Exactly as they appear, restate the lines of the material, from the first through the one containing "GARMIN Power Cable".

↓

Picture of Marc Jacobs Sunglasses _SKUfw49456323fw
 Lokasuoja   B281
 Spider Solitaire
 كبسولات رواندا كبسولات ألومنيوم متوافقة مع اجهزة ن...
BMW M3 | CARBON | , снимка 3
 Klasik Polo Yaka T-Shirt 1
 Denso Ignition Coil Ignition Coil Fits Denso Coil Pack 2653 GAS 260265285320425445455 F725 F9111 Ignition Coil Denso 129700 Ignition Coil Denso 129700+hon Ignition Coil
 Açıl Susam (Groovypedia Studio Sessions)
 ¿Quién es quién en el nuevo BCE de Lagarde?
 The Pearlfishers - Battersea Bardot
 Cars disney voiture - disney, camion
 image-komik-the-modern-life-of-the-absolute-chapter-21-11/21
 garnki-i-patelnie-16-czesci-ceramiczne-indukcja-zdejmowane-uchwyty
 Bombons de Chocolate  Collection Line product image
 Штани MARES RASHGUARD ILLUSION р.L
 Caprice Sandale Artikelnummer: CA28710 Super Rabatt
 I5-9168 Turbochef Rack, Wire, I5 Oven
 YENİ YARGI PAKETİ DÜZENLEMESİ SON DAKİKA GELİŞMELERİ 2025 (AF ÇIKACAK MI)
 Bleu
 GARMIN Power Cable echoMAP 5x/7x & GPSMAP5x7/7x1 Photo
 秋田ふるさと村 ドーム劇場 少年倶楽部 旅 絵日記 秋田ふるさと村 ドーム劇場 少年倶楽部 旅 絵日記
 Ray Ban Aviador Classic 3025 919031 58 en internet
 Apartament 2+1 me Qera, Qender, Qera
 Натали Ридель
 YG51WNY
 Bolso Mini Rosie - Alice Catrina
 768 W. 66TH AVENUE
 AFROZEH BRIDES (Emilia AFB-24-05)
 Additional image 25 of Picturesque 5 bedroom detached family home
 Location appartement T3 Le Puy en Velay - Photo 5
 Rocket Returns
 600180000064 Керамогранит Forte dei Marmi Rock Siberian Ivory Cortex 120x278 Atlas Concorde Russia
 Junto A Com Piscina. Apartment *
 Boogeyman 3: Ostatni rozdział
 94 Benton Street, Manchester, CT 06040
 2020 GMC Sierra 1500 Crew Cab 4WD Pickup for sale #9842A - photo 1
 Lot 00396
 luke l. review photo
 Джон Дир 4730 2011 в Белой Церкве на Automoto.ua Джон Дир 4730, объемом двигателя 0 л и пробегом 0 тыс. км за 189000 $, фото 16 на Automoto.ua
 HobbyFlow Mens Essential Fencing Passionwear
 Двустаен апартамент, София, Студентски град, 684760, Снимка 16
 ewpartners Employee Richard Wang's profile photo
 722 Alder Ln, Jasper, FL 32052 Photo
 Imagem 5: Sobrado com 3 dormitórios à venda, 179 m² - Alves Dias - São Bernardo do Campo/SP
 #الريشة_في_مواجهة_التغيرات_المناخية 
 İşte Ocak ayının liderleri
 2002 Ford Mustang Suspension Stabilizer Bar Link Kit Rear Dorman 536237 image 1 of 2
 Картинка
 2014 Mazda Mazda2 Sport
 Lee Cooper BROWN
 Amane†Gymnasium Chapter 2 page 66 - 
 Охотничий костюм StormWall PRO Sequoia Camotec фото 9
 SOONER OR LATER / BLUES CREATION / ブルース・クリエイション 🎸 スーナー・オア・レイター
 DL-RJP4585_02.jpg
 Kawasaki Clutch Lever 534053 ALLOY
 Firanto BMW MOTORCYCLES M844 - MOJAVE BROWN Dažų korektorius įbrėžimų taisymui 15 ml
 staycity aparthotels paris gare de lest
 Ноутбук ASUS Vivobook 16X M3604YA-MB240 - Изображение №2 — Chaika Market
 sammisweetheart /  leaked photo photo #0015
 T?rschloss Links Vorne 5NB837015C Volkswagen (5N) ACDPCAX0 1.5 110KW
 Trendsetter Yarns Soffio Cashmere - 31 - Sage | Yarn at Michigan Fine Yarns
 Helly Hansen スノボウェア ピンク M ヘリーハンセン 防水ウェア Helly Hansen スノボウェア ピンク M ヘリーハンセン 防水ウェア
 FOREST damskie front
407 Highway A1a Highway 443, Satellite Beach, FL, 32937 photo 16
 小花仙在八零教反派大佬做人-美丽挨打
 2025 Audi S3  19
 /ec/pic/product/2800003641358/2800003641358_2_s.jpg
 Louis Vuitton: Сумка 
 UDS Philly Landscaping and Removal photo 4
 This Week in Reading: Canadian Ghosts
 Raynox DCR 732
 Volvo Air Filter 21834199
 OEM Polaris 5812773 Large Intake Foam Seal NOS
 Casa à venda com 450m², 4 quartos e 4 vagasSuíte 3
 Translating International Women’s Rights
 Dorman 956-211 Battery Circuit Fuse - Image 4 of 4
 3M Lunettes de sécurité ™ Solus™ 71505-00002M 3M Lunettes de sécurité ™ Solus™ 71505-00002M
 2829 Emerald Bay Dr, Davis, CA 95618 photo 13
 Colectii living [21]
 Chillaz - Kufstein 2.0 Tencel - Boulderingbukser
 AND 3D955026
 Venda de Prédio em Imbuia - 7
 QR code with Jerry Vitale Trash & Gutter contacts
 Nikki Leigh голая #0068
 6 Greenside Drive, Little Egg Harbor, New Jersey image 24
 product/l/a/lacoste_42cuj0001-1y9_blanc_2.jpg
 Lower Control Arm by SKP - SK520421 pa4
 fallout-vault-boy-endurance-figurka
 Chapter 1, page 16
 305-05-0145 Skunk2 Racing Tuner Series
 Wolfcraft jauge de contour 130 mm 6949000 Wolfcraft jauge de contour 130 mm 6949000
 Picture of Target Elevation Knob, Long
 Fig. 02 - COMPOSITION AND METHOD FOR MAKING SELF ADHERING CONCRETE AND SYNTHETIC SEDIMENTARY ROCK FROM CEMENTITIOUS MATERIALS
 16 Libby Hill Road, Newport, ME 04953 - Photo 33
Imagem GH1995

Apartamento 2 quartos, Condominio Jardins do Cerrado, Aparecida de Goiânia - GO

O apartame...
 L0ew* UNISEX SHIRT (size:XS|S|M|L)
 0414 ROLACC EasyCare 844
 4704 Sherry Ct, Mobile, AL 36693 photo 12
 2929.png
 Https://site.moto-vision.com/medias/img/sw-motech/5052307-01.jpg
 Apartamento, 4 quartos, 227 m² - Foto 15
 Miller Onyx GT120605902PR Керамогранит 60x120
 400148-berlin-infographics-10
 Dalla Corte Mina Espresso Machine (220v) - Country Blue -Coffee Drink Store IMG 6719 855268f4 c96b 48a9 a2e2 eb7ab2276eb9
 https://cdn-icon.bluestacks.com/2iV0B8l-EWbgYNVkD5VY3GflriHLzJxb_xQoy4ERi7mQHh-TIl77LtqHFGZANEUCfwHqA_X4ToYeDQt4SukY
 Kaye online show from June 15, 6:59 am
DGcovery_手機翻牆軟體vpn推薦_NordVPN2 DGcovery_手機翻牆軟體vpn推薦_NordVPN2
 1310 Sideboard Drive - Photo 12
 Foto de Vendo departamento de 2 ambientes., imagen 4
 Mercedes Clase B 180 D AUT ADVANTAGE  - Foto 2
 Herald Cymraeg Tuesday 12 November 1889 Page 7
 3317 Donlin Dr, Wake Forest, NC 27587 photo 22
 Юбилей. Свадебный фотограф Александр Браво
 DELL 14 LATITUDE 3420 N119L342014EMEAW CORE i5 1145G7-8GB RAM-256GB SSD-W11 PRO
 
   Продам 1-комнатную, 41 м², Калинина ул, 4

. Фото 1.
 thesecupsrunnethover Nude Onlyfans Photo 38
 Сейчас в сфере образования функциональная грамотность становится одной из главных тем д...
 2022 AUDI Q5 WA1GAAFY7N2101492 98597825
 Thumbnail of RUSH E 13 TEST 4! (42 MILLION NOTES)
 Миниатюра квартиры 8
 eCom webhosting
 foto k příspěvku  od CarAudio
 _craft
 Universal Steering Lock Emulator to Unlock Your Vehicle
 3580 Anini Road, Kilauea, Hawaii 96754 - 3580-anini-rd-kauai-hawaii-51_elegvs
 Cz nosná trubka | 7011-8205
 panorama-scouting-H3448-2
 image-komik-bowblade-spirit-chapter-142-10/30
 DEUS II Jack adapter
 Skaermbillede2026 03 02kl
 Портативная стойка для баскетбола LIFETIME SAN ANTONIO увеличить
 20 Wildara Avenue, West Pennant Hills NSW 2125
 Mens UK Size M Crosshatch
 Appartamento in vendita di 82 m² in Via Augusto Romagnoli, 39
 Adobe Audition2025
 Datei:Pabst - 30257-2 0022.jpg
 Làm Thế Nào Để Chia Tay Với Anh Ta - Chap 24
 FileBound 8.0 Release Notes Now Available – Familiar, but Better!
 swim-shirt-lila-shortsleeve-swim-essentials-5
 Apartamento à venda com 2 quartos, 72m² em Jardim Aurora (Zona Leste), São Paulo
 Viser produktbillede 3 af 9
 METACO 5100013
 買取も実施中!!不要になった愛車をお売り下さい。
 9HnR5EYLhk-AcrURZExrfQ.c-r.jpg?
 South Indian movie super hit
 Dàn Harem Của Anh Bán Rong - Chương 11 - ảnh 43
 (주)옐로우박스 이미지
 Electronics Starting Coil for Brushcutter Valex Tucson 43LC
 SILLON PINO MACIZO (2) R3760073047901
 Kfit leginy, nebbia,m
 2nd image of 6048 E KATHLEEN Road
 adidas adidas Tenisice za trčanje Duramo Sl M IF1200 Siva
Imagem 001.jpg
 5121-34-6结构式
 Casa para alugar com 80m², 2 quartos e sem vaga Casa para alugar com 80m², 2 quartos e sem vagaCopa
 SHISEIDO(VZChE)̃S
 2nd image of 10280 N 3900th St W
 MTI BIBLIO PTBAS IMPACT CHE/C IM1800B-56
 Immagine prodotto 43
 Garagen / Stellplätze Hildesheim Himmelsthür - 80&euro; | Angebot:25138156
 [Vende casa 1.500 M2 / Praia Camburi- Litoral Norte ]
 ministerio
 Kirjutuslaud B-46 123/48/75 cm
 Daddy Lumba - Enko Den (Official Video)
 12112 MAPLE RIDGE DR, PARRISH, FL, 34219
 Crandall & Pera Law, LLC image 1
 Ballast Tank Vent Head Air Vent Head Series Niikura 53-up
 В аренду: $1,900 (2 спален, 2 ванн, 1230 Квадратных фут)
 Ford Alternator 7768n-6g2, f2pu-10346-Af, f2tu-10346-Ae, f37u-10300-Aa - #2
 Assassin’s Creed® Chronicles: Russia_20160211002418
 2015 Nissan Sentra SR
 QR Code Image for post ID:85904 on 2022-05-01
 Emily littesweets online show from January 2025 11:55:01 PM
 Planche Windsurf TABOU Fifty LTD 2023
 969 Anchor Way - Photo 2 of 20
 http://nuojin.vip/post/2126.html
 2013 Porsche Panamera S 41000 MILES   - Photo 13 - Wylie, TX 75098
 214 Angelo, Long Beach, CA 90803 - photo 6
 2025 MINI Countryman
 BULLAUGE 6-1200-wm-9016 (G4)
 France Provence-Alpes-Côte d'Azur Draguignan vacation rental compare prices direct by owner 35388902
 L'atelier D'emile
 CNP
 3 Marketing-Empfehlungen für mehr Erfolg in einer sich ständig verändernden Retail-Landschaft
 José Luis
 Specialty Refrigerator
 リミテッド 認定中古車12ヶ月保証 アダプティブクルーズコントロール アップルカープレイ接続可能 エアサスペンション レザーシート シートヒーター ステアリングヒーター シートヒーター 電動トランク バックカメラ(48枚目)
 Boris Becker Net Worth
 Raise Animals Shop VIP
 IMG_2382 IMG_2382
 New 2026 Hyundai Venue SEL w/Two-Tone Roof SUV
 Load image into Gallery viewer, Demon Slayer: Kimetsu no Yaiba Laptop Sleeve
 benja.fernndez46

↑

_EXERCISE RESPONSE_:
Picture of Marc Jacobs Sunglasses _SKUfw49456323fw
 Lokasuoja   B281
 Spider Solitaire
 كبسولات رواندا كبسولات ألومنيوم متوافقة مع اجهزة ن...
BMW M3 | CARBON | , снимка 3
 Klasik Polo Yaka T-Shirt 1
 Denso Ignition Coil Ignition Coil Fits Denso Coil Pack 2653 GAS 260265285320425445455 F725 F9111 Ignition Coil Denso 129700 Ignition Coil Denso 129700+hon Ignition Coil
 Açıl Susam (Groovypedia Studio Sessions)
 ¿Quién es quién en el nuevo BCE de Lagarde?
 The Pearlfishers - Battersea Bardot
 Cars disney voiture - disney, camion
 image-komik-the-modern-life-of-the-absolute-chapter-21-11/21
 garnki-i-patelnie-16-czesci-ceramiczne-indukcja-zdejmowane-uchwyty
 Bombons de Chocolate  Collection Line product image
 Штани MARES RASHGUARD ILLUSION р.L
 Caprice Sandale Artikelnummer: CA28710 Super Rabatt
 I5-9168 Turbochef Rack, Wire, I5 Oven
 YENİ YARGI PAKETİ DÜZENLEMESİ SON DAKİKA GELİŞMELERİ 2025 (AF ÇIKACAK MI)
 Bleu
 GARMIN Power Cable echoMAP 5x/7x & GPSMAP5x7/7x1 Photo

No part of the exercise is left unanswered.